A Justiça mais cara do mundo - JOSÉ CASADO

O GLOBO - 12/07


Custo da Justiça no Brasil é recorde. Brasileiros pagam muito por uma burocracia 
cuja característica é a lentidão, com 70% de congestionamento nos tribunais


Dias atrás, Ricardo Lewandowski, presidente do Supremo Tribunal Federal, atravessava o
restaurante quando ouviu uma voz feminina: — Ô, ministro! Ele parou, sorriu e estendeu a 
mão para a mulher na mesa: “Olá, como vai?” Ela respondeu ao gesto: “Parabéns. 
A sociedade brasileira congratula Vossa Excelência pelo julgamento do mensalão e 
por aumentar os próprios benefícios agora nesse momento social tão importante...” 
Lewandowski percebeu a ironia, manteve o sorriso, e seguiu.

A cena está na rede.
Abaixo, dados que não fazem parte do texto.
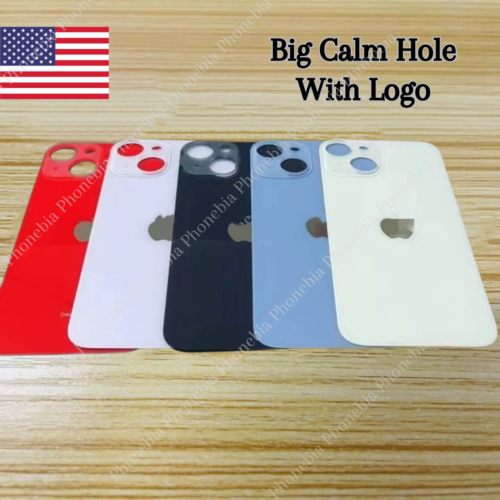 Replacement Rear Back Glass Lot For iPhone 15 14 13 12 11 Pro XR X 8 SE Big Hole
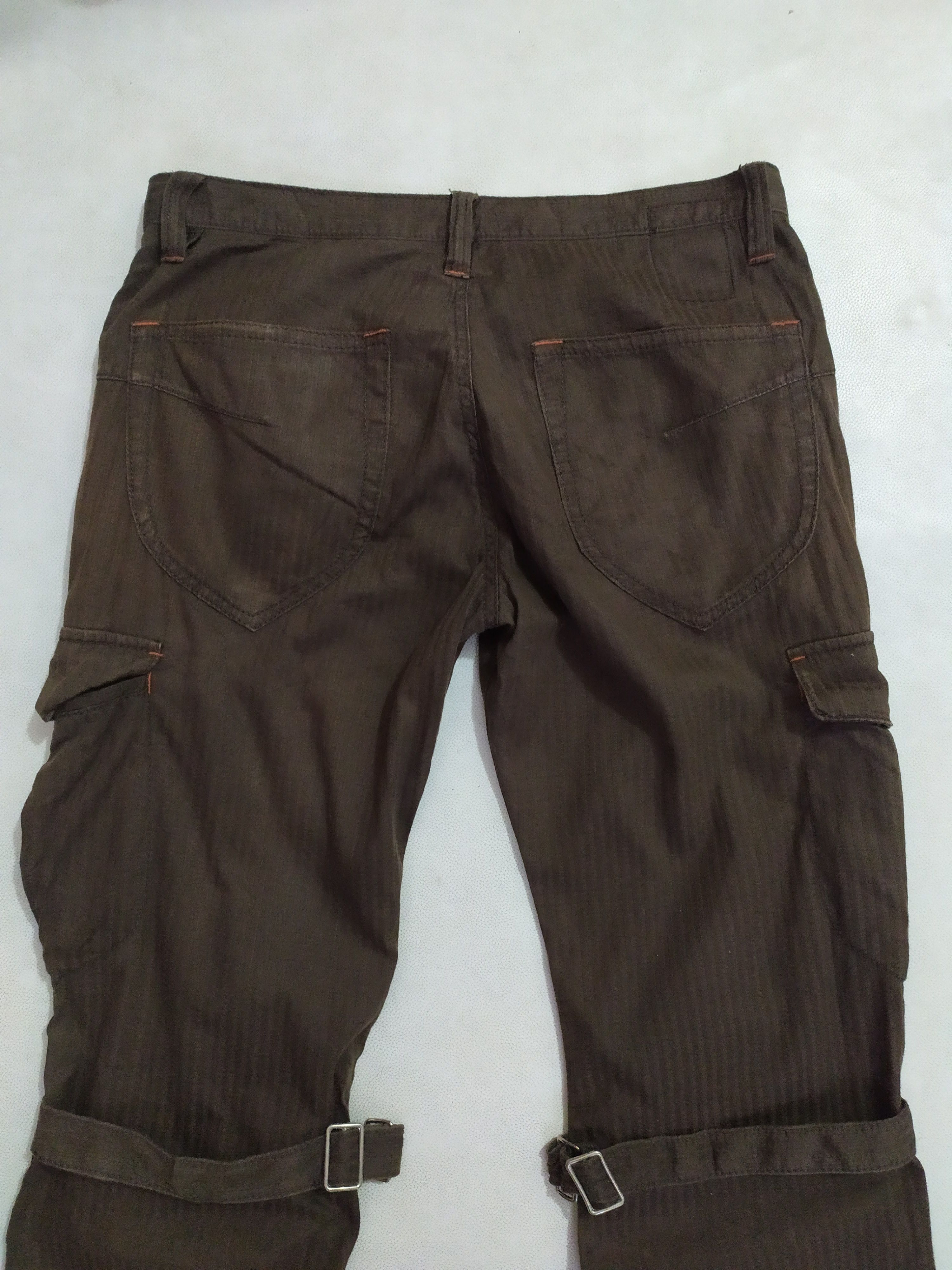 Japanese Brand 🔥Nicole Club Bondage Cargo multipocket Pants Size US 31 - 2 Thumbnail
Tem valor simbólico sobre a percepção coletiva do alto 
custo e da baixa eficiência da administração da Justiça, no debate sobre o 
tamanho da burocracia que a sociedade pode e/ou deseja sustentar.

O Brasil mantém a Justiça mais cara do planeta, comprovam os pesquisadores Luciano 
Da Ros, da Universidade Federal do Rio Grande do Sul, e Matthew M. Taylor, da 
American University, que mapeiam as mudanças no sistema judicial a partir da 
redemocratização do país.

O Poder Judiciário consome anualmente 1,3% do Produto Interno Bruto, ou 2,7% de tudo que 
é gasto pela União, pelos estados e municípios. Significa uma despesa anual de 
R$ 306,35 (US$ 91,2) no bolso de cada um dos 200 milhões de habitantes. Esse nível 
de gasto com o Judiciário só é encontrado na Suíça, cuja população é 25 vezes menor 
e a renda, cinco vezes maior.

O custo brasileiro aumenta quando somado o orçamento do Ministério Público, que 
não dá transparência às suas despesas. Vai a 1,8% do PIB, o equivalente a 
R$ 87 bilhões (US$ 26,3 bilhões). Supera o orçamento de metade dos estados. 
É o dobro das obras contratadas pelo governo federal, até abril, nas áreas de 
Transportes, Saneamento, Habitação e Urbanização.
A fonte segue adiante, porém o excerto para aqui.